Sono stati pubblicati ieri sul Corriere della Sera i risultati Istat raccolti in due riprese, nel 2003 e nel 2007, in base ai quali il 72,8% dei 10.000 figli tra i 18 e i 39 anni interrogati è rimasto a vivere a casa dei genitori. Le ragioni che vengono generalmente addotte sono di natura economica: mancanza di un posto di lavoro sicuro, difficoltà nel trovare un’abitazione poco costosa, necessità di risparmiare sull’affitto e su altre spese. Ma in realtà in Italia molti ragazzi e ragazze – o meglio uomini e donne – a casa con i genitori si trovano bene, la famiglia di origine non fa alcuna pressione perché i figli lascino il nido, e spesso l’unica motivazione che li spinge a cercarsi casa è il matrimonio, che – si sa – arriva sempre più tardi.

E’ interessante tuttavia la riflessione – che si può leggere sempre sul Corriere di ieri – di Gianpiero dalla Zuanna, Professore di Demografia all’Università di Padova, che mette in evidenza il risvolto positivo di questa abitudine, in genere condannata: infatti, il professore spiega che “I legami di sangue non hanno ovunque la stessa forza”. Sono deboli nei Paesi anglosassoni e quelli dell’Europa centrale, mentre sono forti “nei Paesi dell’Europa Meridionale (Spagna, Portogallo, Italia e Balcani) e dell’Estremo Oriente (Giappone, Corea del Sud, Taiwan)”. Quali sono le conseguenze positive di questi forti legami? Innanzitutto “gli anziani italiani in casa di riposo sono un terzo rispetto ai coetanei inglesi od olandesi”. E poi, in Italia “un terzo dei bambini con meno di tre anni viene accudito dai nonni“.
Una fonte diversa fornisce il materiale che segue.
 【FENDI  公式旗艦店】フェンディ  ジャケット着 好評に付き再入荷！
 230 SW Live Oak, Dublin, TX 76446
Quindi, con buona pace di chi condanna i cosiddetti “bamboccioni” che si attardano a lasciare il nido, e anche la generazione definità “né né”, costituita da giovani tra 15 e 35 anni che non studiano, né lavorano, tutto sommato, se questi comportamenti indicano la presenza di legami di sangue più forti, forse non sono del tutto da deprecare.

Anche se, in effetti, è più difficile diventare grandi se non ci si allontana mai dalla casa di mamma e papà. Il rischio è quello di rimanere eternamente figli, e di non emanciparsi mai dall’influenza, per quanto benevola, dei genitori, senza mai diventare realmente adulti.

Voi fino a che età avete vissuto in casa con i vostri genitori? Cosa vi ha spinto ad allontanarvene? E fino a che età desiderereste che i vostri figli rimanessero con voi, o, viceversa, da che età in avanti non tollerereste più la loro presenza tra le mura di casa?